WORK REQUEST:
Could you repeat the entries below exactly, but only from the line with "Threezero: Mdlx (Mini" through the line with "Фото - Овочечистка", and without any picture?

DATA SUPPLIED: Begin

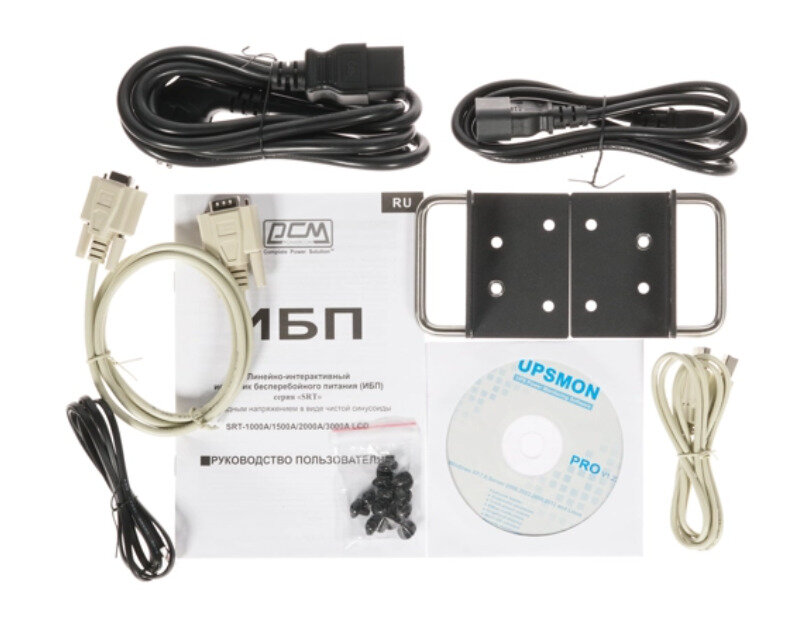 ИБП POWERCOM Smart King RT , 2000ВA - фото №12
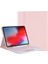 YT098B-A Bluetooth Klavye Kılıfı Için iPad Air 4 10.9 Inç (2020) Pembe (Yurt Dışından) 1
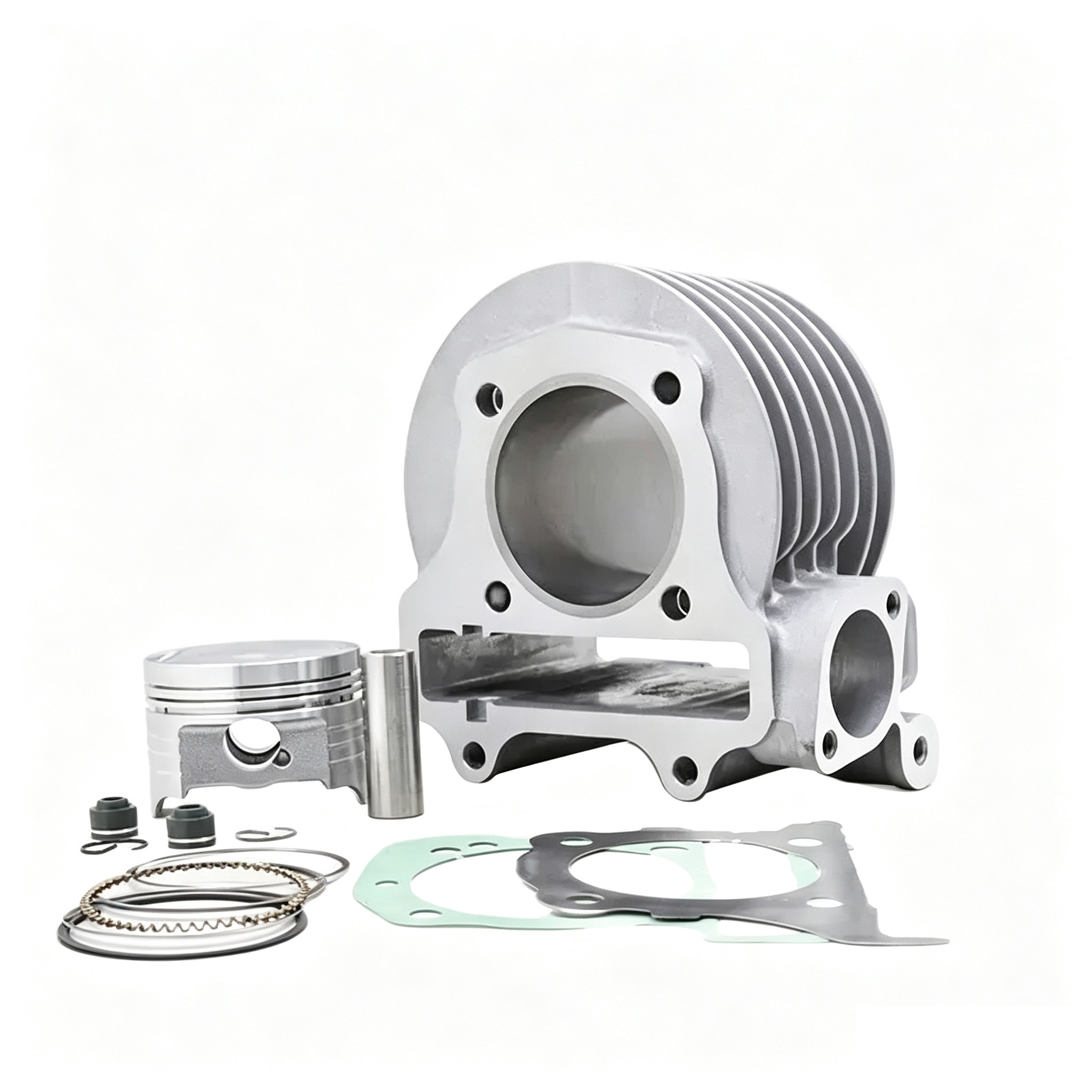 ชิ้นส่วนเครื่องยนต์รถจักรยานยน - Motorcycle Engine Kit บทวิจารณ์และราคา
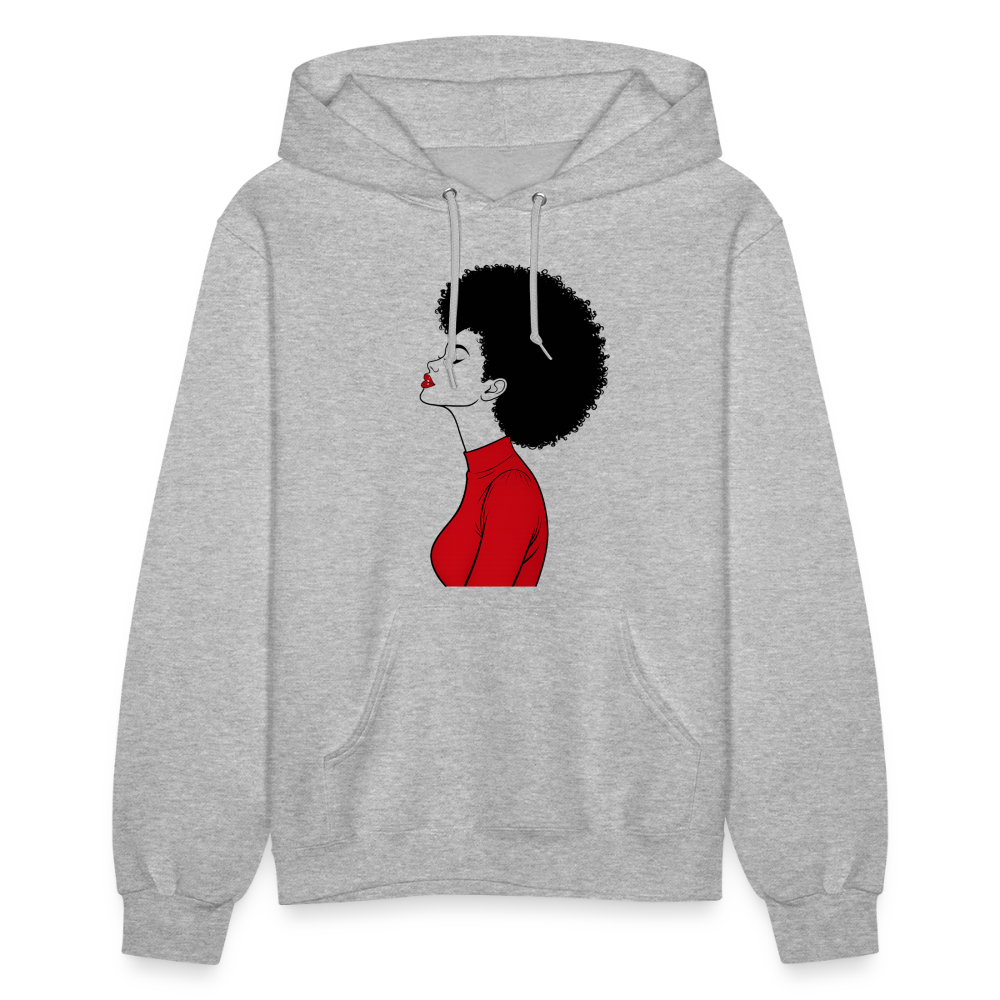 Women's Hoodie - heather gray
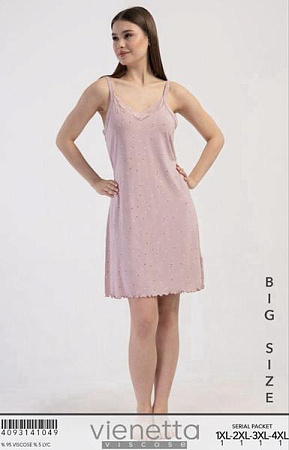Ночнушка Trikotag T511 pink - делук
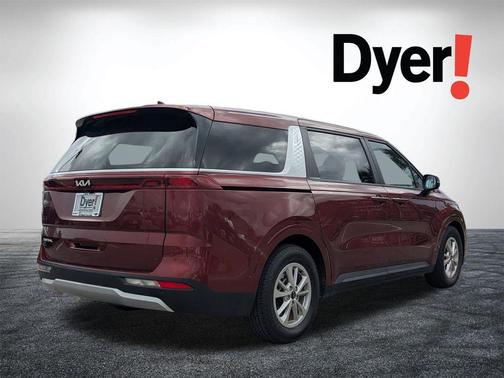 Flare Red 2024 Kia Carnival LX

DATA SUPPLIED: End
DATA SUPPLIED: Begin

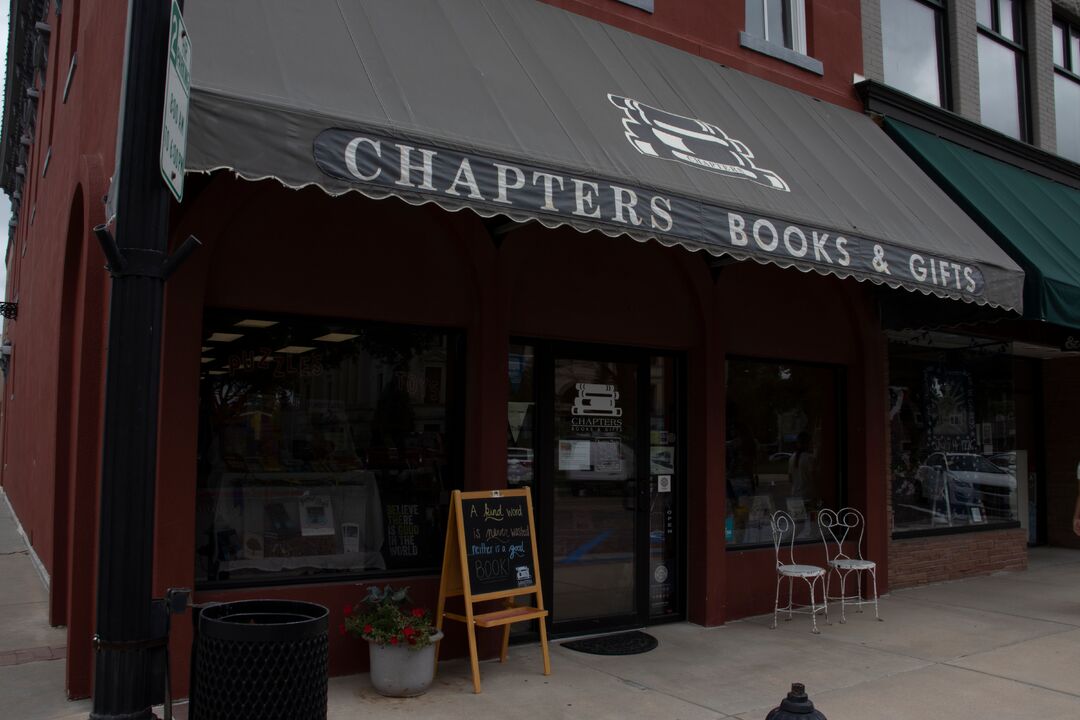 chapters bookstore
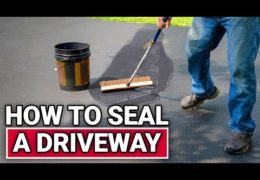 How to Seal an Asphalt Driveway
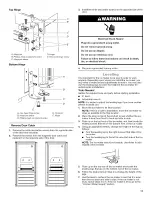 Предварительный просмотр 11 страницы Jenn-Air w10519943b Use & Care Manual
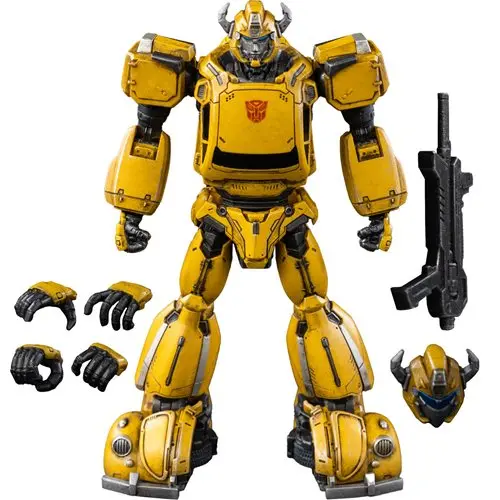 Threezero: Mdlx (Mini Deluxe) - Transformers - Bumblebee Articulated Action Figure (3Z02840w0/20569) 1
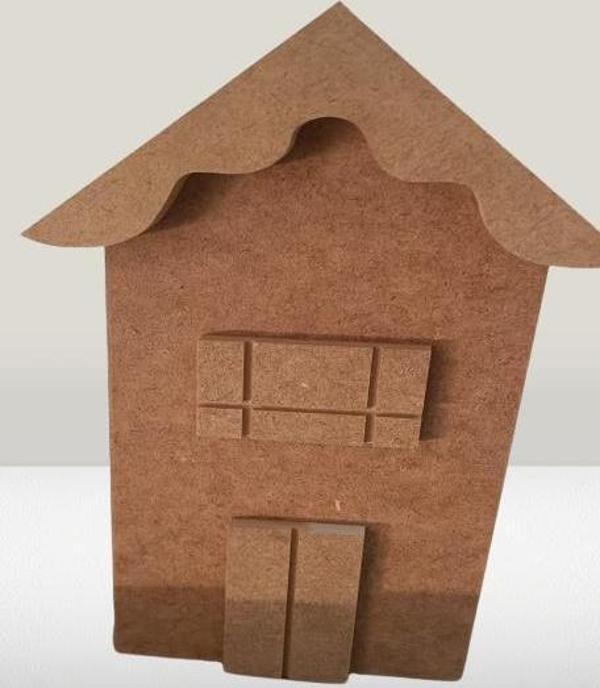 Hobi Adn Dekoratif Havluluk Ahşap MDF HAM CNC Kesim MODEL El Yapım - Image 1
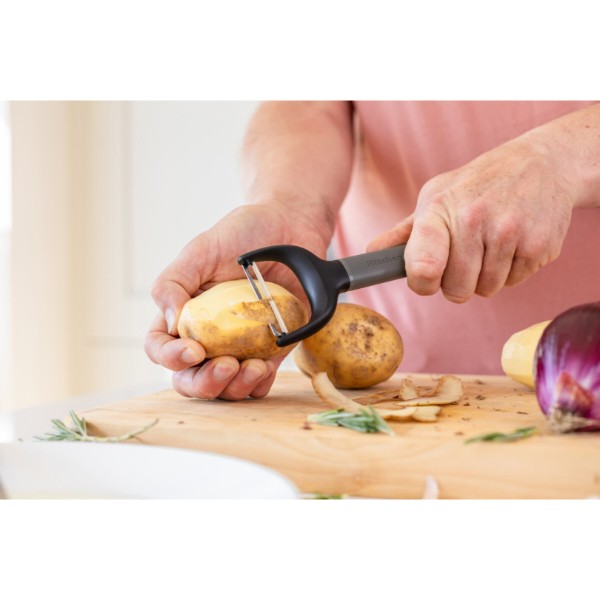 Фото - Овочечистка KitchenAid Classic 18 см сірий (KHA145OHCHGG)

DATA SUPPLIED: End
DATA SUPPLIED: Begin

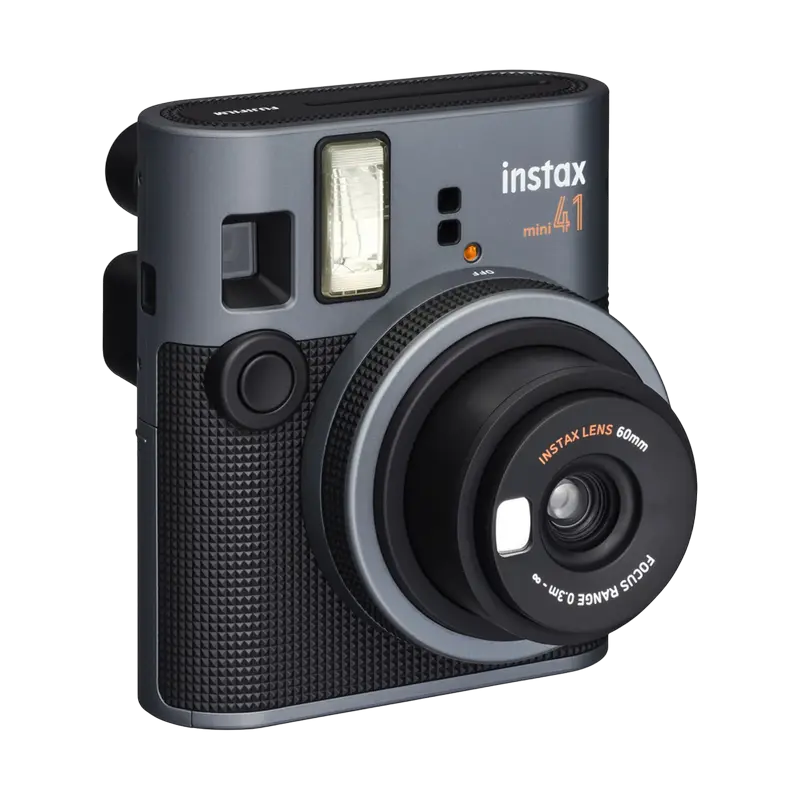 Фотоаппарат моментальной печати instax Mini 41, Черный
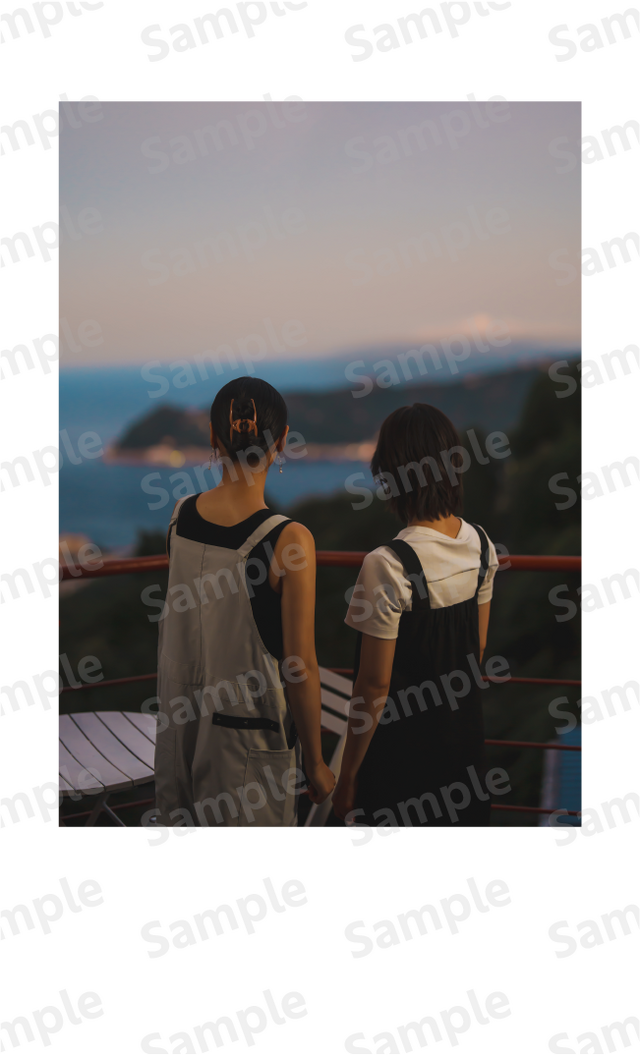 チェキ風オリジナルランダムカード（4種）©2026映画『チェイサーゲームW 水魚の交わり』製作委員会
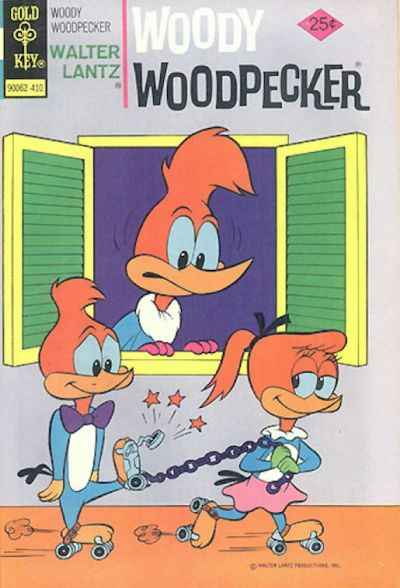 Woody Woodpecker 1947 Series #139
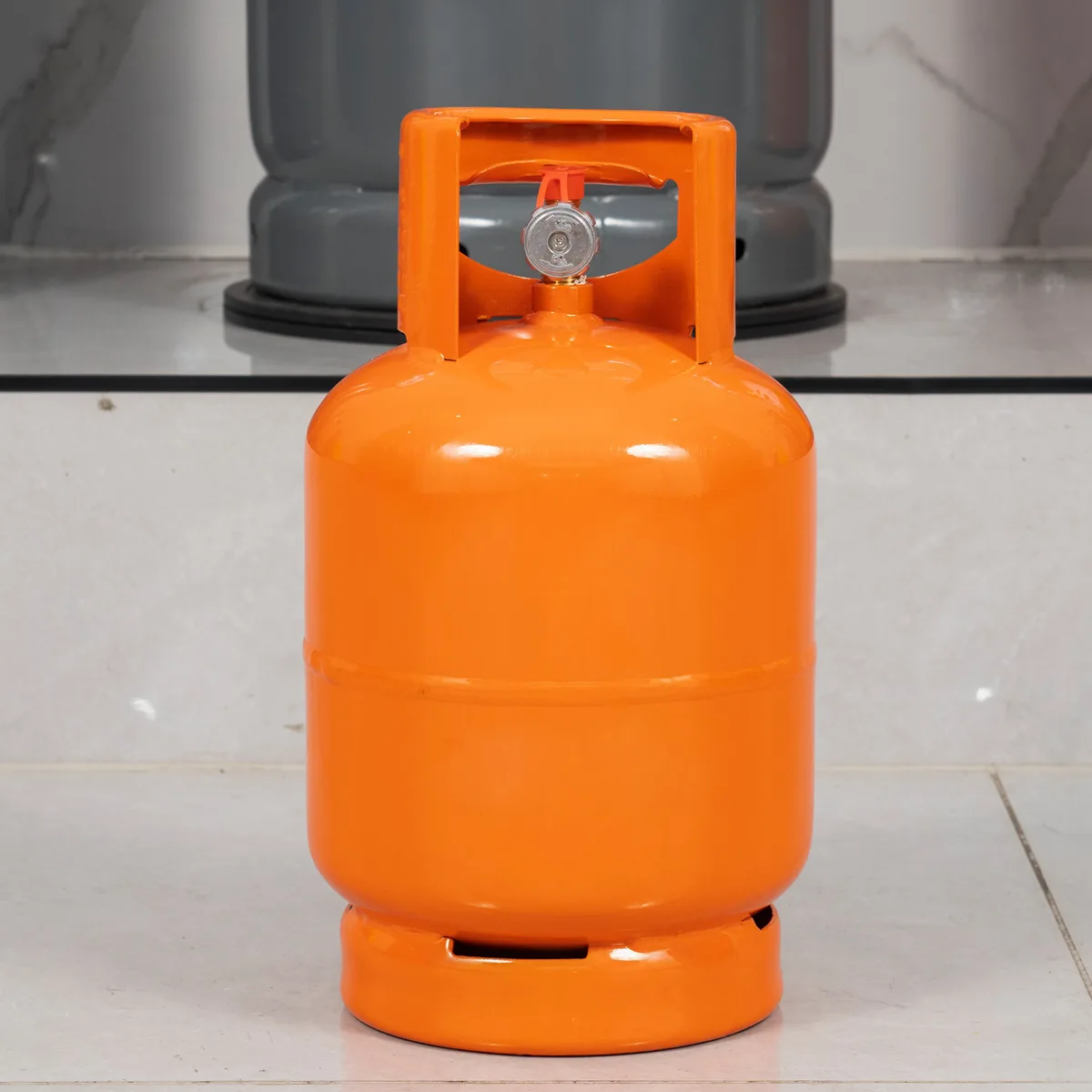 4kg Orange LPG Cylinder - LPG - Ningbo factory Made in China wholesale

DATA SUPPLIED: End

SOLUTION FOR THIS EXERCISE:
 Threezero: Mdlx (Mini Deluxe) - Transformers - Bumblebee Articulated Action Figure (3Z02840w0/20569) 1
 Hobi Adn Dekoratif Havluluk Ahşap MDF HAM CNC Kesim MODEL El Yapım - Image 1
 Фото - Овочечистка KitchenAid Classic 18 см сірий (KHA145OHCHGG)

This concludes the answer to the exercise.